LAUSR

The study aimed to observe the effect of rosuvastatin on myocardial apoptosis in hypertensive rats through the silent information regulator 1 (SIRT1)/nuclear factor-κB (NF-κB) signaling pathway. The spontaneously hypertensive rat (SHR) model was established, and the rats were randomly divided into the SHR group, Rosuvastatin group and Control group. The blood pressure, creatine kinase (CK) and other myocardial indexes in each group were detected, the cardiac function indexes of rats were determined using magnetic resonance imaging (MRI) and echocardiography (ECG), and tumor necrosis factor-α (TNF-α) and interleukin-6 (IL-6) in myocardial tissues were detected via enzyme-linked immunosorbent assay (ELISA). Moreover, the apoptosis level of myocardial tissues was detected using terminal deoxynucleotidyl transferase-mediated dUTP nick end labeling (TUNEL) staining. Finally, the expression levels of the SIRT1/NF-κB signaling pathway and apoptosis genes and proteins in myocardial tissues in each group were detected via quantitative polymerase chain reaction (qPCR) and Western blotting.

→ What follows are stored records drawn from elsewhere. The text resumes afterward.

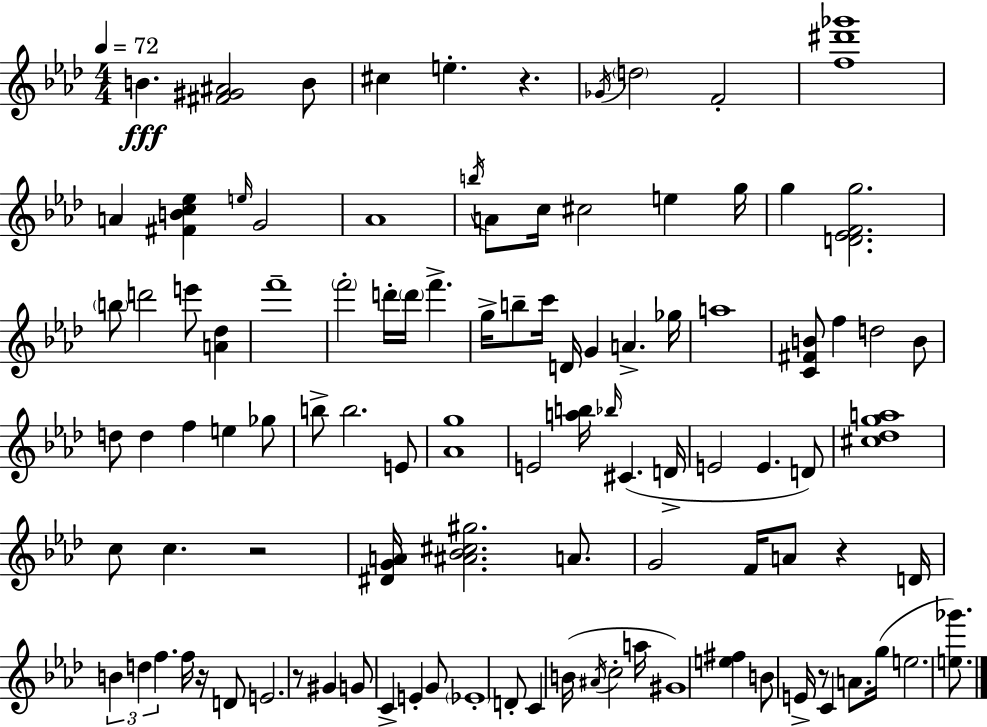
X:1
T:Untitled
M:4/4
L:1/4
K:Ab
B [^F^G^A]2 B/2 ^c e z _G/4 d2 F2 [f^d'_g']4 A [^FBc_e] e/4 G2 _A4 b/4 A/2 c/4 ^c2 e g/4 g [D_EFg]2 b/2 d'2 e'/2 [A_d] f'4 f'2 d'/4 d'/4 f' g/4 b/2 c'/4 D/4 G A _g/4 a4 [C^FB]/2 f d2 B/2 d/2 d f e _g/2 b/2 b2 E/2 [_Ag]4 E2 [ab]/4 _b/4 ^C D/4 E2 E D/2 [^c_dga]4 c/2 c z2 [^DGA]/4 [^A_B^c^g]2 A/2 G2 F/4 A/2 z D/4 B d f f/4 z/4 D/2 E2 z/2 ^G G/2 C E G/2 _E4 D/2 C B/4 ^A/4 c2 a/4 ^G4 [e^f] B/2 E/4 z/2 C A/2 g/4 e2 [e_g']/2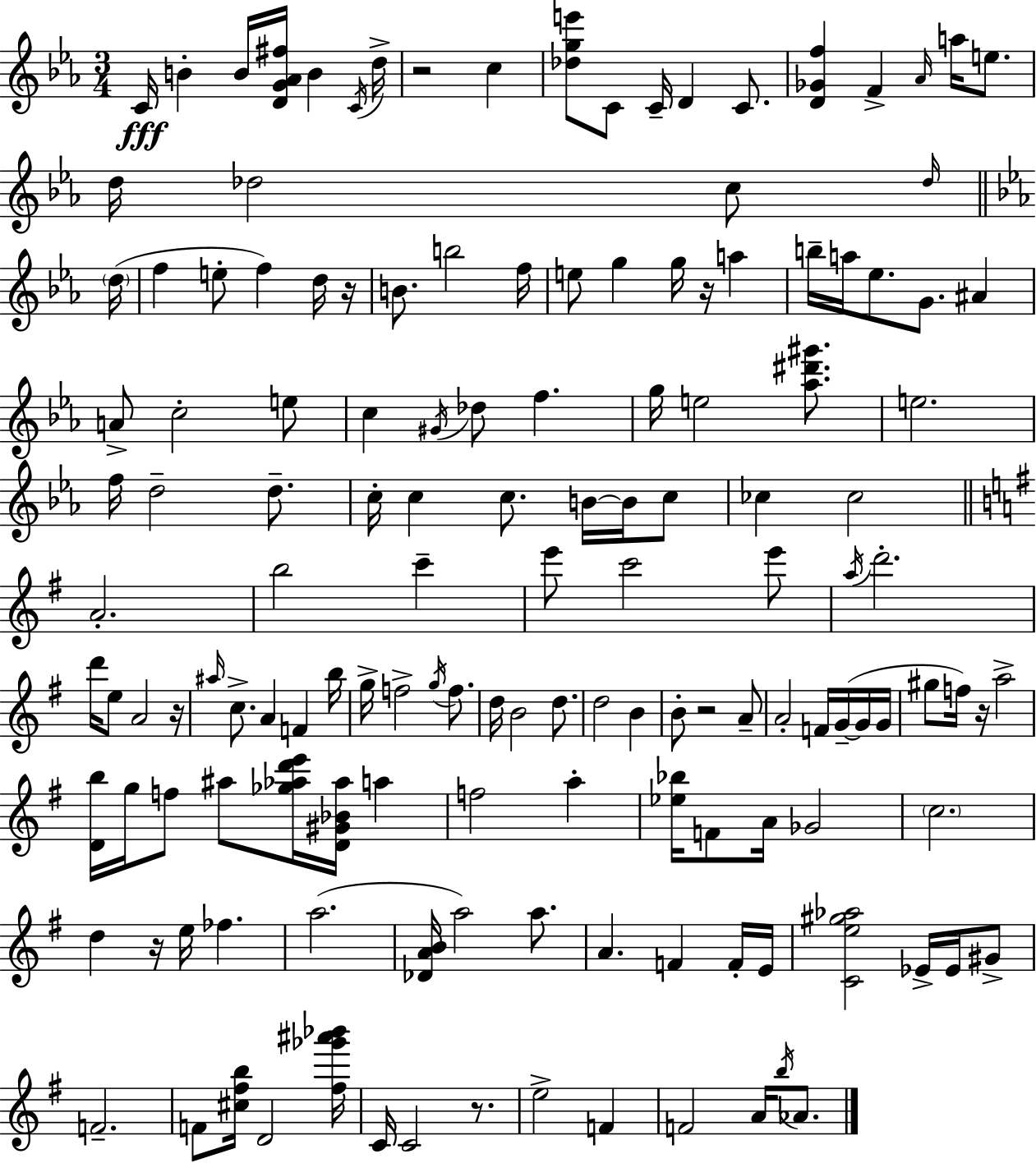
{
  \clef treble
  \numericTimeSignature
  \time 3/4
  \key ees \major
  \repeat volta 2 { c'16\fff b'4-. b'16 <d' g' aes' fis''>16 b'4 \acciaccatura { c'16 } | d''16-> r2 c''4 | <des'' g'' e'''>8 c'8 c'16-- d'4 c'8. | <d' ges' f''>4 f'4-> \grace { aes'16 } a''16 e''8. | \break d''16 des''2 c''8 | \grace { des''16 } \bar "||" \break \key ees \major \parenthesize d''16( f''4 e''8-. f''4) d''16 | r16 b'8. b''2 | f''16 e''8 g''4 g''16 r16 a''4 | b''16-- a''16 ees''8. g'8. ais'4 | \break a'8-> c''2-. e''8 | c''4 \acciaccatura { gis'16 } des''8 f''4. | g''16 e''2 <aes'' dis''' gis'''>8. | e''2. | \break f''16 d''2-- d''8.-- | c''16-. c''4 c''8. b'16~~ b'16 | c''8 ces''4 ces''2 | \bar "||" \break \key g \major a'2.-. | b''2 c'''4-- | e'''8 c'''2 e'''8 | \acciaccatura { a''16 } d'''2.-. | \break d'''16 e''8 a'2 | r16 \grace { ais''16 } c''8.-> a'4 f'4 | b''16 g''16-> f''2-> \acciaccatura { g''16 } | f''8. d''16 b'2 | \break d''8. d''2 b'4 | b'8-. r2 | a'8-- a'2-. f'16 | g'16--~(~ g'16 g'16 gis''8 f''16) r16 a''2-> | \break <d' b''>16 g''16 f''8 ais''8 <ges'' aes'' d''' e'''>16 <d' gis' bes' aes''>16 a''4 | f''2 a''4-. | <ees'' bes''>16 f'8 a'16 ges'2 | \parenthesize c''2. | \break d''4 r16 e''16 fes''4. | a''2.( | <des' a' b'>16 a''2) | a''8. a'4. f'4 | \break f'16-. e'16 <c' e'' gis'' aes''>2 ees'16-> | ees'16 gis'8-> f'2.-- | f'8 <cis'' fis'' b''>16 d'2 | <fis'' ges''' ais''' bes'''>16 c'16 c'2 | \break r8. e''2-> f'4 | f'2 a'16 | \acciaccatura { b''16 } aes'8. } \bar "|."
}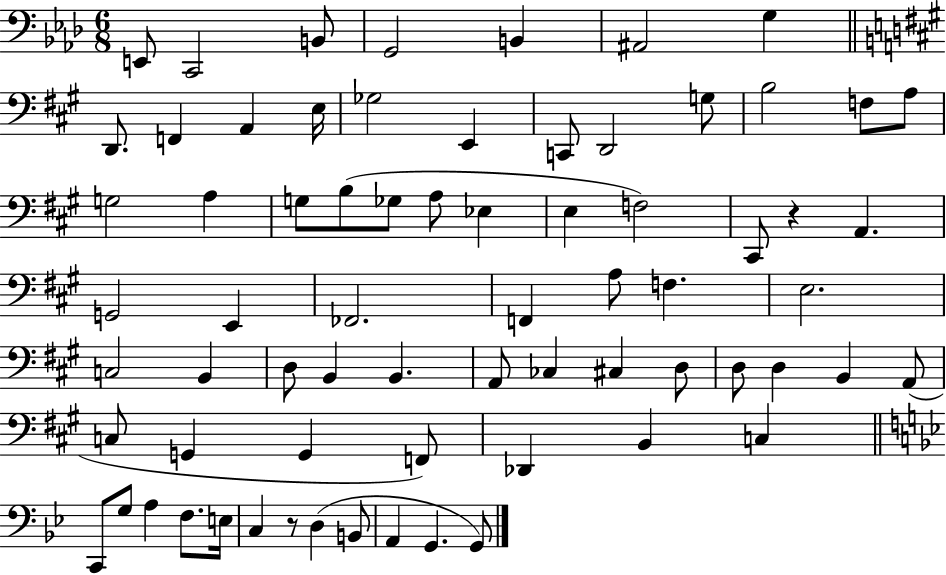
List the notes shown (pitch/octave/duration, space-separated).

E2/e C2/h B2/e G2/h B2/q A#2/h G3/q D2/e. F2/q A2/q E3/s Gb3/h E2/q C2/e D2/h G3/e B3/h F3/e A3/e G3/h A3/q G3/e B3/e Gb3/e A3/e Eb3/q E3/q F3/h C#2/e R/q A2/q. G2/h E2/q FES2/h. F2/q A3/e F3/q. E3/h. C3/h B2/q D3/e B2/q B2/q. A2/e CES3/q C#3/q D3/e D3/e D3/q B2/q A2/e C3/e G2/q G2/q F2/e Db2/q B2/q C3/q C2/e G3/e A3/q F3/e. E3/s C3/q R/e D3/q B2/e A2/q G2/q. G2/e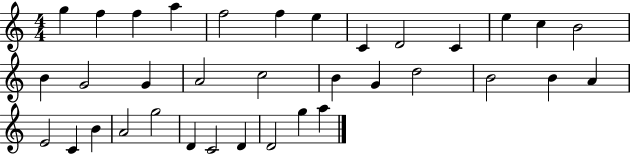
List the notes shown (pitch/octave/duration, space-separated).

G5/q F5/q F5/q A5/q F5/h F5/q E5/q C4/q D4/h C4/q E5/q C5/q B4/h B4/q G4/h G4/q A4/h C5/h B4/q G4/q D5/h B4/h B4/q A4/q E4/h C4/q B4/q A4/h G5/h D4/q C4/h D4/q D4/h G5/q A5/q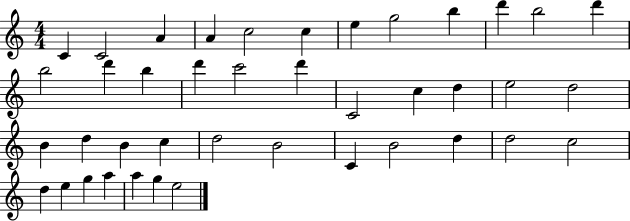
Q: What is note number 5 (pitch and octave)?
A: C5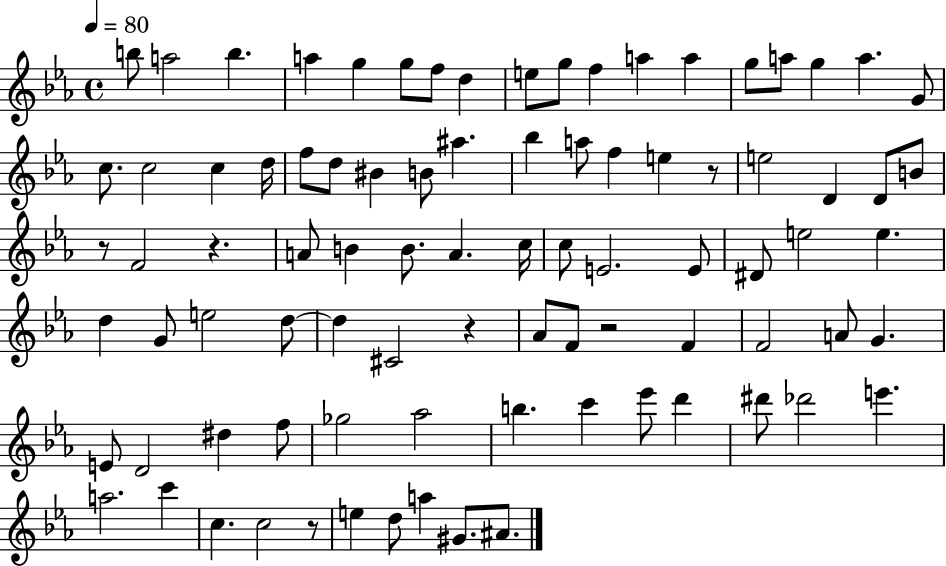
{
  \clef treble
  \time 4/4
  \defaultTimeSignature
  \key ees \major
  \tempo 4 = 80
  b''8 a''2 b''4. | a''4 g''4 g''8 f''8 d''4 | e''8 g''8 f''4 a''4 a''4 | g''8 a''8 g''4 a''4. g'8 | \break c''8. c''2 c''4 d''16 | f''8 d''8 bis'4 b'8 ais''4. | bes''4 a''8 f''4 e''4 r8 | e''2 d'4 d'8 b'8 | \break r8 f'2 r4. | a'8 b'4 b'8. a'4. c''16 | c''8 e'2. e'8 | dis'8 e''2 e''4. | \break d''4 g'8 e''2 d''8~~ | d''4 cis'2 r4 | aes'8 f'8 r2 f'4 | f'2 a'8 g'4. | \break e'8 d'2 dis''4 f''8 | ges''2 aes''2 | b''4. c'''4 ees'''8 d'''4 | dis'''8 des'''2 e'''4. | \break a''2. c'''4 | c''4. c''2 r8 | e''4 d''8 a''4 gis'8. ais'8. | \bar "|."
}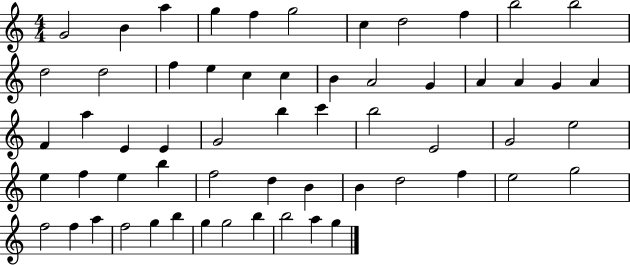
{
  \clef treble
  \numericTimeSignature
  \time 4/4
  \key c \major
  g'2 b'4 a''4 | g''4 f''4 g''2 | c''4 d''2 f''4 | b''2 b''2 | \break d''2 d''2 | f''4 e''4 c''4 c''4 | b'4 a'2 g'4 | a'4 a'4 g'4 a'4 | \break f'4 a''4 e'4 e'4 | g'2 b''4 c'''4 | b''2 e'2 | g'2 e''2 | \break e''4 f''4 e''4 b''4 | f''2 d''4 b'4 | b'4 d''2 f''4 | e''2 g''2 | \break f''2 f''4 a''4 | f''2 g''4 b''4 | g''4 g''2 b''4 | b''2 a''4 g''4 | \break \bar "|."
}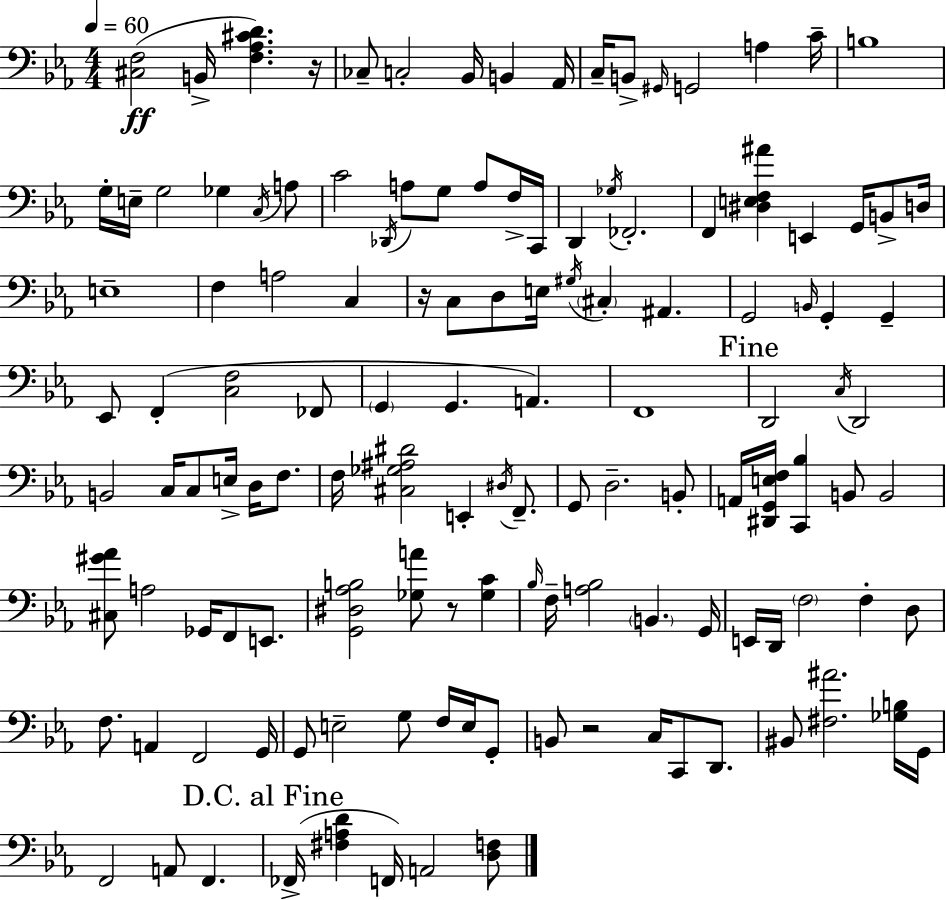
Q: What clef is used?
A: bass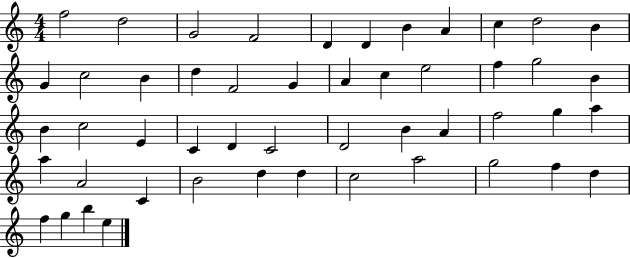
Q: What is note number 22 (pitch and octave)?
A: G5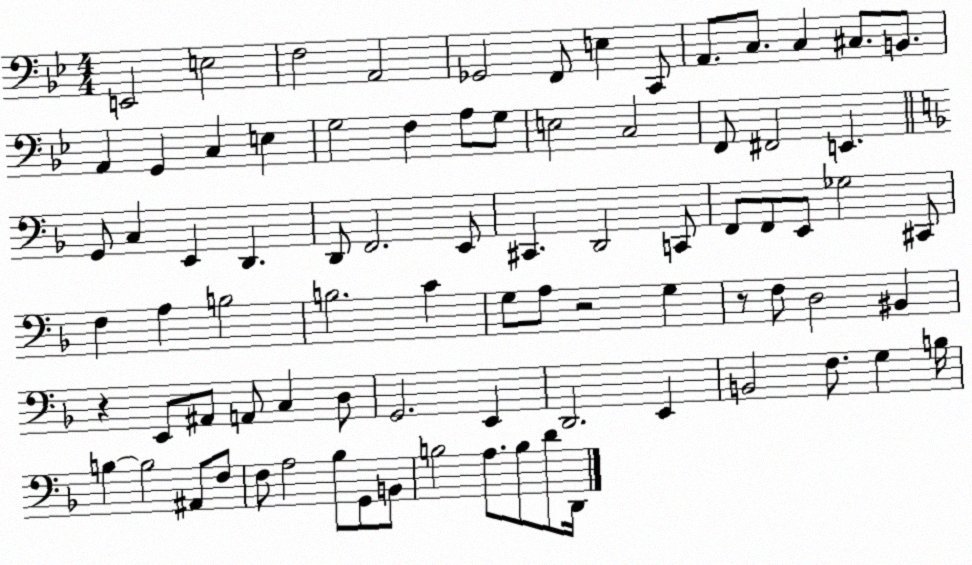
X:1
T:Untitled
M:4/4
L:1/4
K:Bb
E,,2 E,2 F,2 A,,2 _G,,2 F,,/2 E, C,,/2 A,,/2 C,/2 C, ^C,/2 B,,/2 A,, G,, C, E, G,2 F, A,/2 G,/2 E,2 C,2 F,,/2 ^F,,2 E,, G,,/2 C, E,, D,, D,,/2 F,,2 E,,/2 ^C,, D,,2 C,,/2 F,,/2 F,,/2 E,,/2 _G,2 ^C,,/2 F, A, B,2 B,2 C G,/2 A,/2 z2 G, z/2 F,/2 D,2 ^B,, z E,,/2 ^A,,/2 A,,/2 C, D,/2 G,,2 E,, D,,2 E,, B,,2 F,/2 G, B,/4 B, B,2 ^A,,/2 F,/2 F,/2 A,2 _B,/2 G,,/2 B,,/2 B,2 A,/2 B,/2 D/2 D,,/4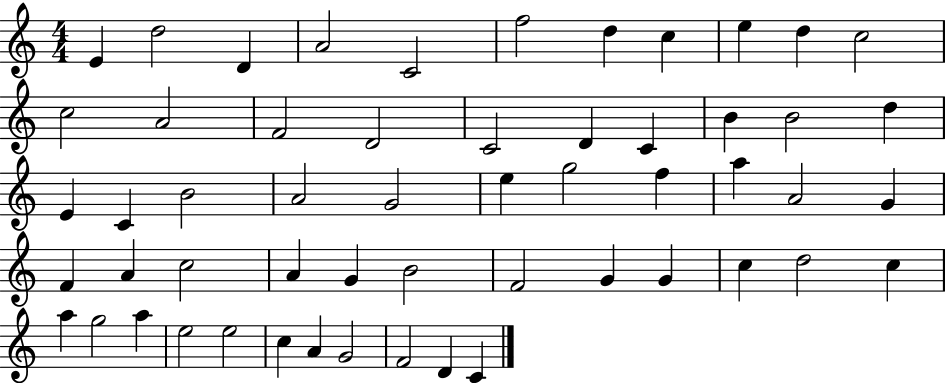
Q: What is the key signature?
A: C major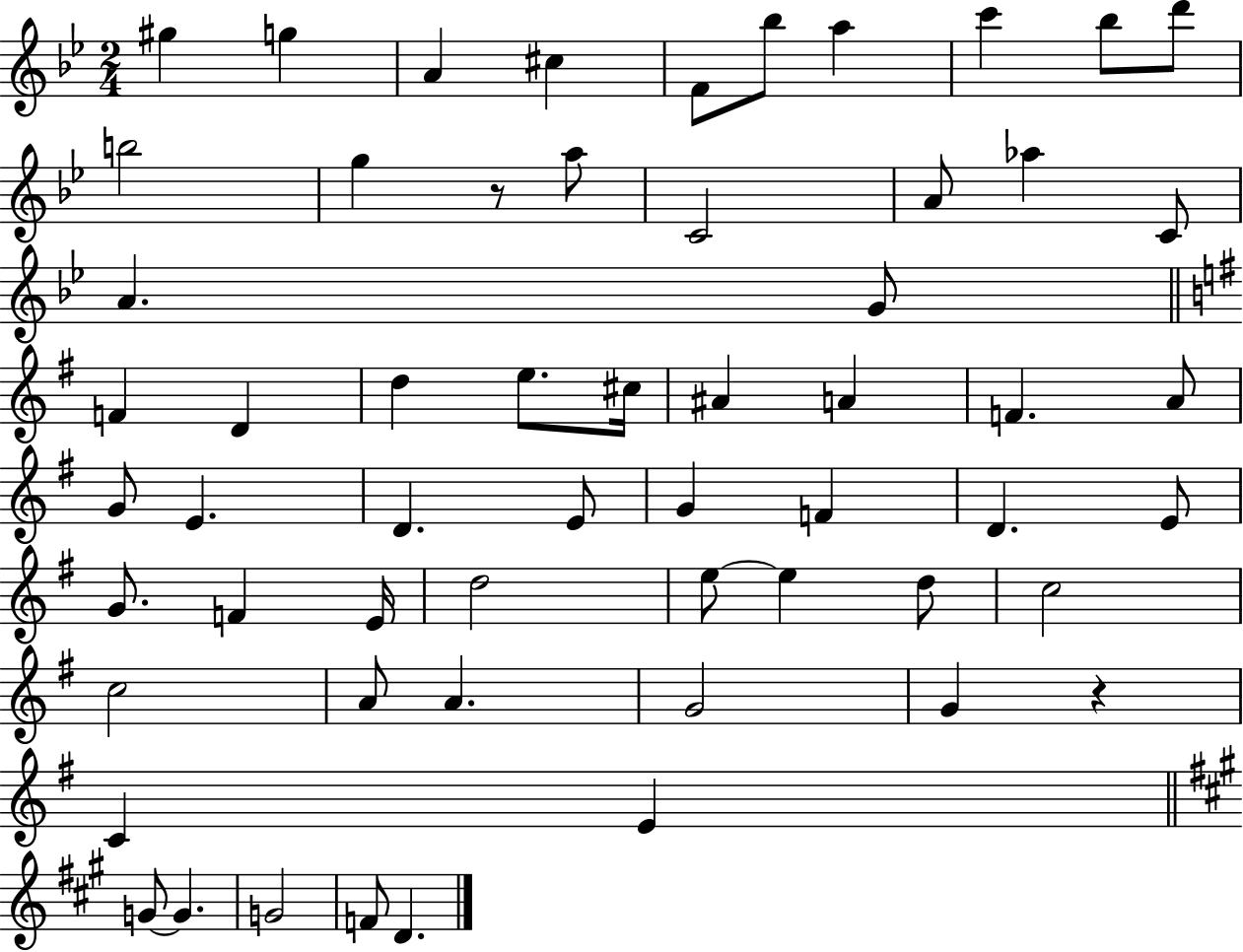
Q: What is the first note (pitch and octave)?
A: G#5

In the SHR group, the blood pressure, the levels of serum creatinine (CR) and CK were increased (p<0.05). In the SHR group, both fractional shortening (FS%) and ejection fraction (EF%) were obviously lower than those in the control group (p<0.05), while both left ventricular end-diastolic diameter (LVEDd) and left ventricular end-systolic diameter (LVESd) were higher than those in the control group (p<0.05), and the levels of TNF-α, IL-6 and myeloperoxidase (MPO) were increased (p<0.05). The number of apoptotic cells in myocardial tissues in the SHR group was larger than that in the other two groups (p<0.05). In the SHR group, the expression levels of Caspase3 and NF-κB were remarkably higher than those in the Rosuvastatin group (p<0.05), while the expression levels of Bcl-2 and SIRT1 were remarkably lower than those in the Rosuvastatin group (p<0.05). Rosuvastatin can inhibit myocardial apoptosis in hypertensive rats through up-regulating SIRT1 and down-regulating NF-κB.